**TASK MATERIAL:**
○ ○ ○ ○
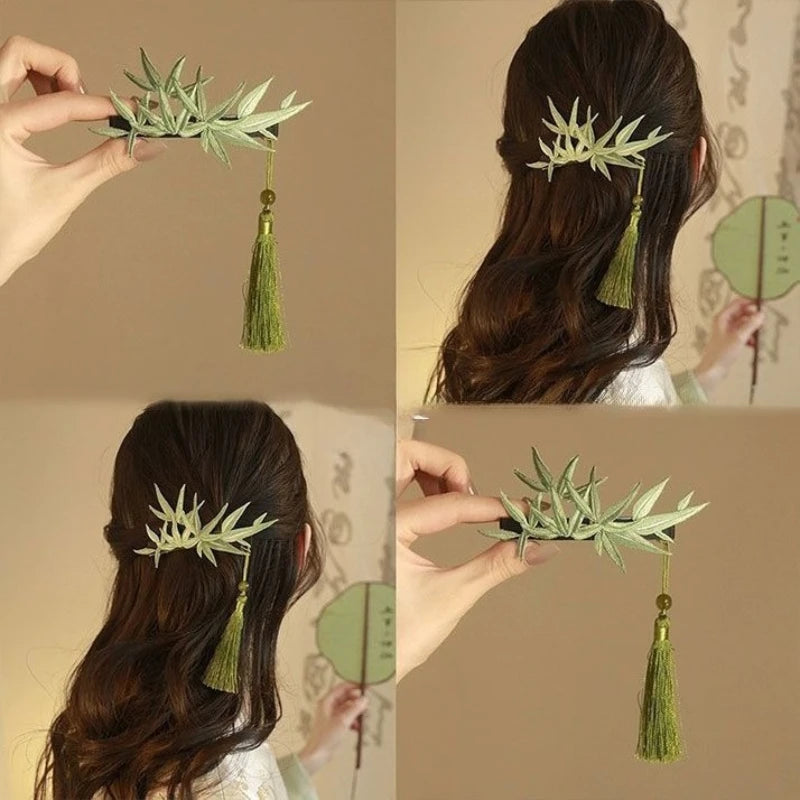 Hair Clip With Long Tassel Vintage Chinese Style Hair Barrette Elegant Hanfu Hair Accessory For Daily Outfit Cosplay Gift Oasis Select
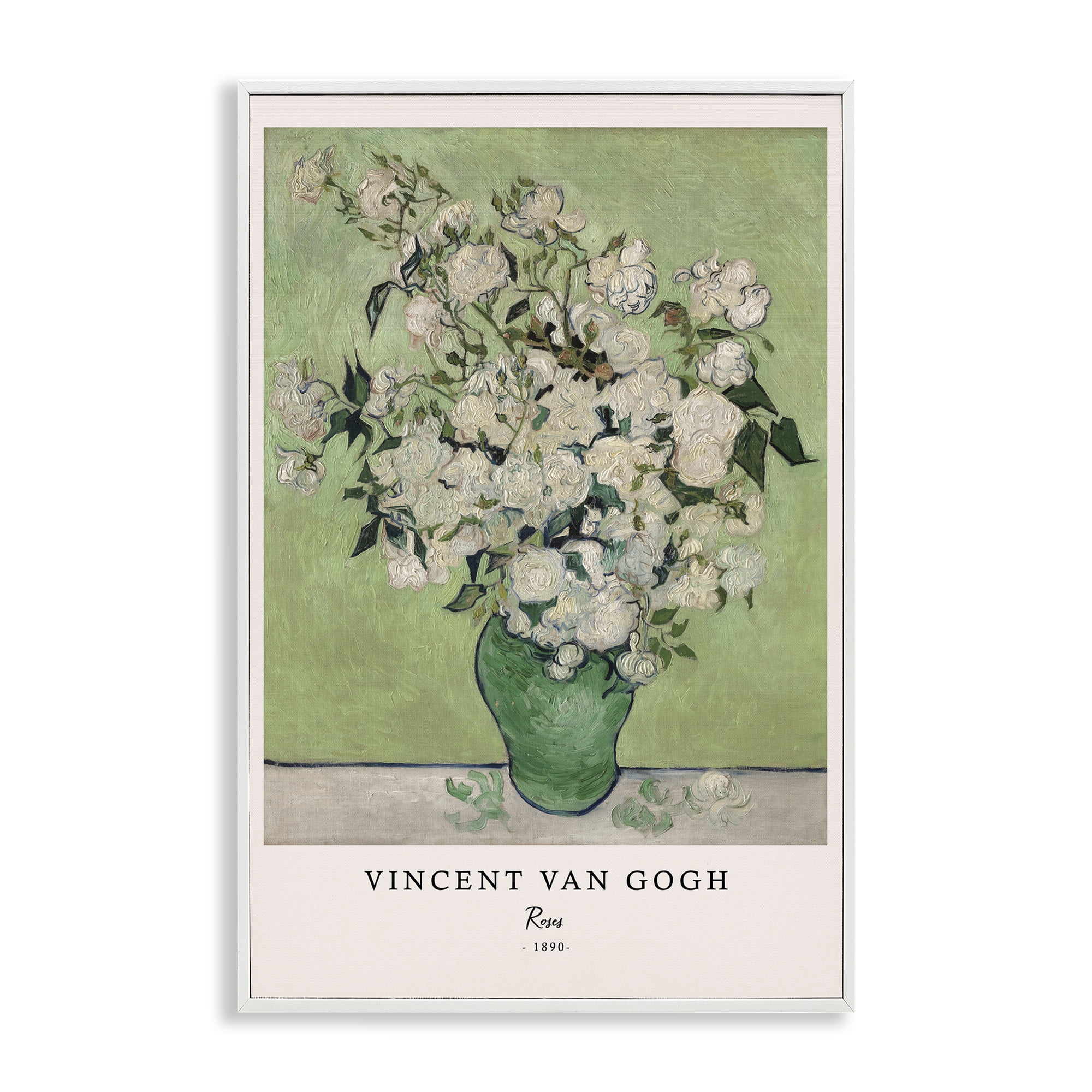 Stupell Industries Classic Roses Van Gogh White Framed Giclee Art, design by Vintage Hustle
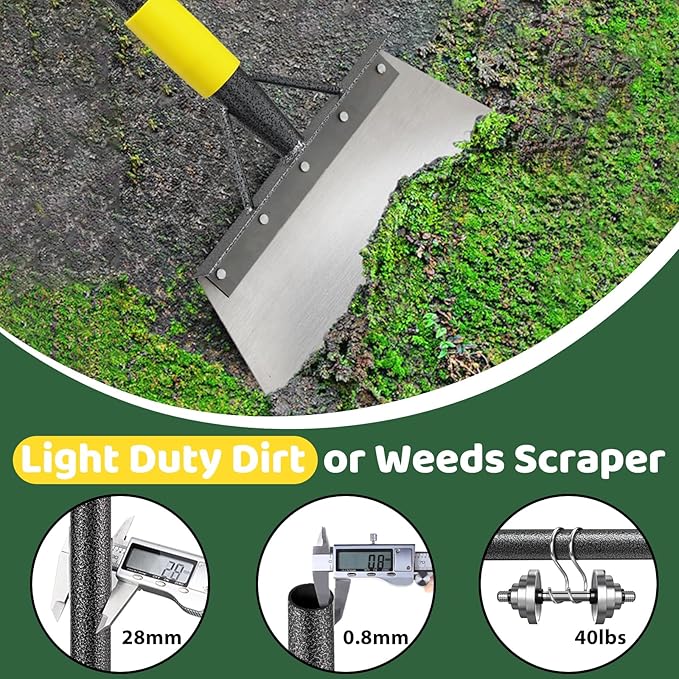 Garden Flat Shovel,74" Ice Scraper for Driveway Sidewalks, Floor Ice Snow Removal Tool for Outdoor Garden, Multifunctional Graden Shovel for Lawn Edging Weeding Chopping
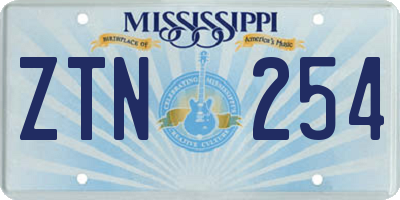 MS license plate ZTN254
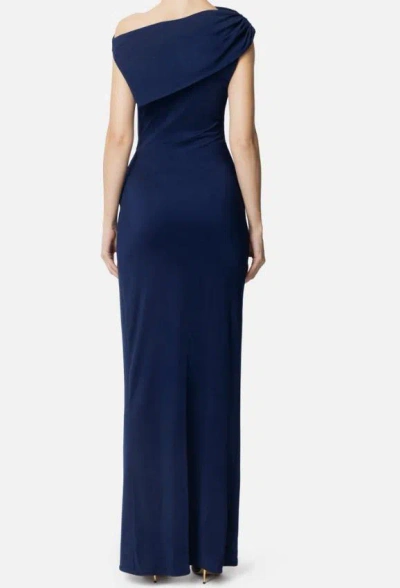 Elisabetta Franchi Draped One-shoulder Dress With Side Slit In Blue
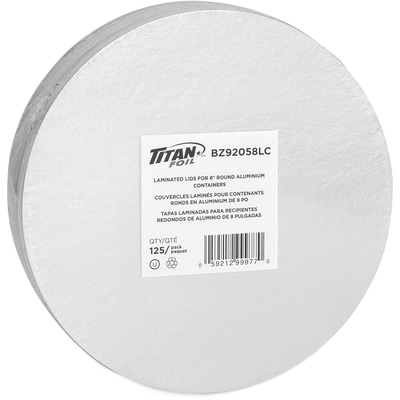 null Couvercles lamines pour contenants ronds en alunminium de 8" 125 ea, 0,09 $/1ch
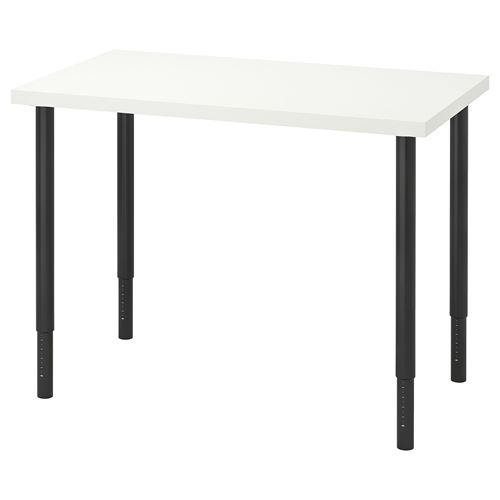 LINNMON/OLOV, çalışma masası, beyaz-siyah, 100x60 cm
○ ○ ○ ○
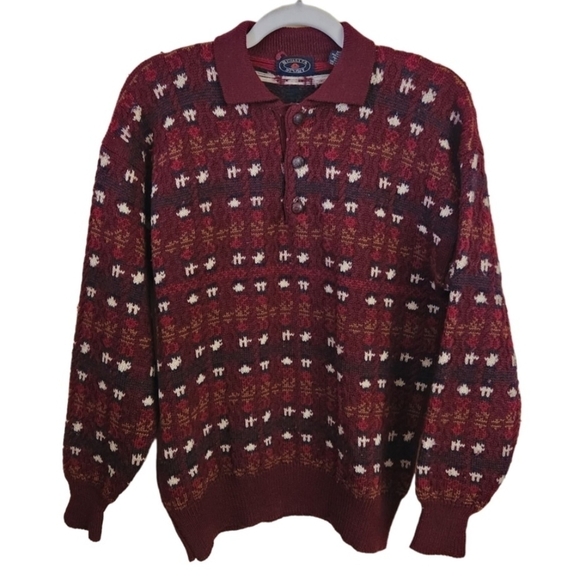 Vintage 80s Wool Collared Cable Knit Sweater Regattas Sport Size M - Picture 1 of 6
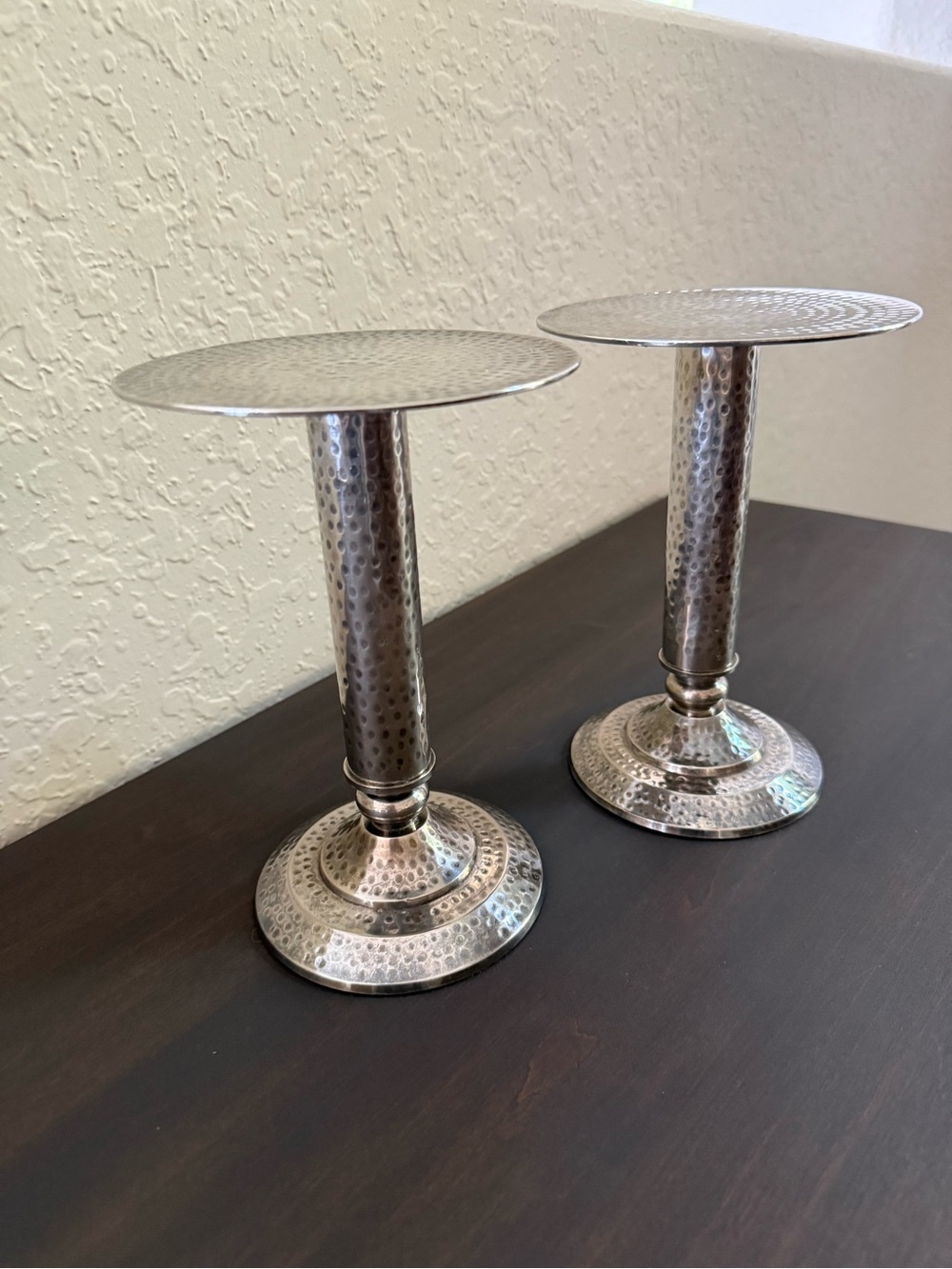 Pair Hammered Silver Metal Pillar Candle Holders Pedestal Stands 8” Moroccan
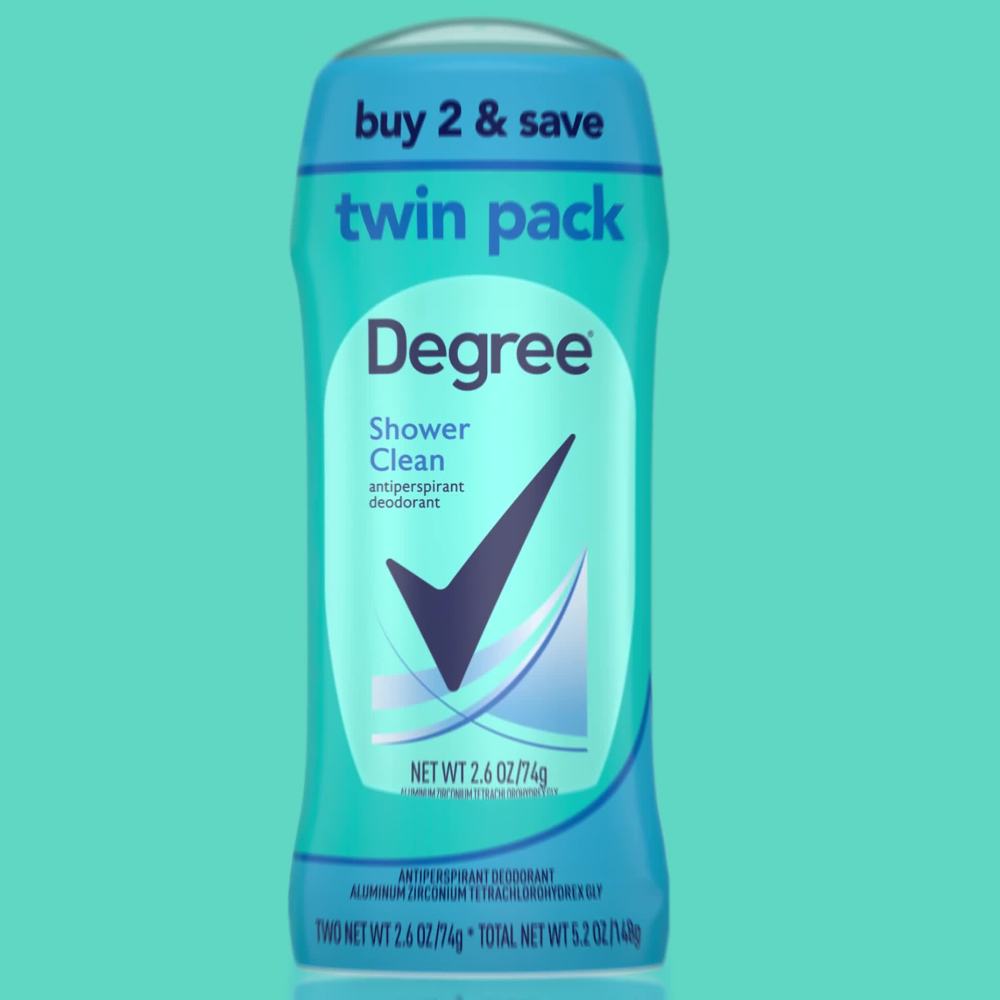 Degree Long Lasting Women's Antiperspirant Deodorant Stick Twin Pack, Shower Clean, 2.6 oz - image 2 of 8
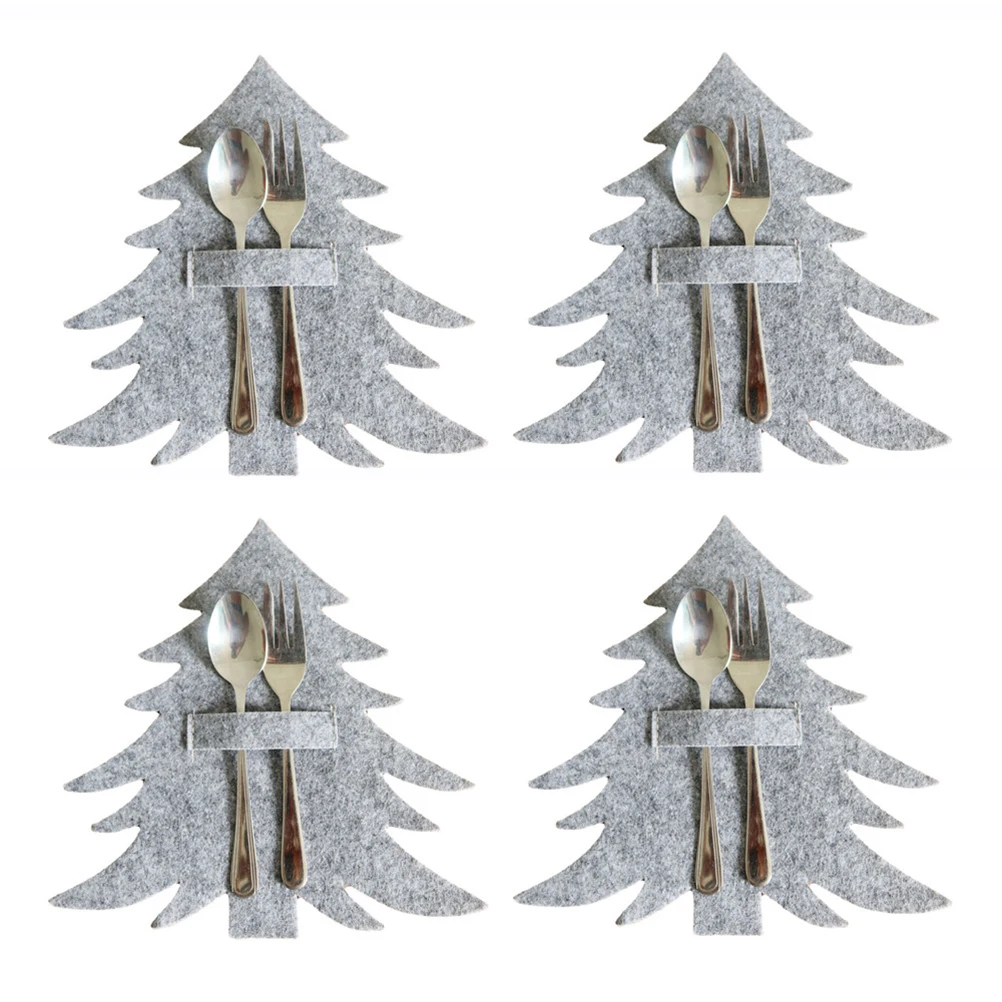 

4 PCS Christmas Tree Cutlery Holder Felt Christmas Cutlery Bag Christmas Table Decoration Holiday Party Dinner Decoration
○ ○ ○ ○
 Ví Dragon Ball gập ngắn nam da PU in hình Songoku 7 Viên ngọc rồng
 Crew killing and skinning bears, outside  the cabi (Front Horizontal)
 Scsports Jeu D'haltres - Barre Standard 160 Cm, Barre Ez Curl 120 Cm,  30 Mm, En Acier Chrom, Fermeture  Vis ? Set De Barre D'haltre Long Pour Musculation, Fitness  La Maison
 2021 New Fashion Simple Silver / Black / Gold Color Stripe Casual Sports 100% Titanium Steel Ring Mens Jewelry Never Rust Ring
○ ○ ○ ○
**PROBLEM STATEMENT:** Reproduce the listing above exactly from the line containing "Hair Clip With" up to and including the line containing "Stupell Industries Classic", omitting any images and everything outside those lines.

**ANSWER TO THIS EXERCISE:**
 Hair Clip With Long Tassel Vintage Chinese Style Hair Barrette Elegant Hanfu Hair Accessory For Daily Outfit Cosplay Gift Oasis Select
 Stupell Industries Classic Roses Van Gogh White Framed Giclee Art, design by Vintage Hustle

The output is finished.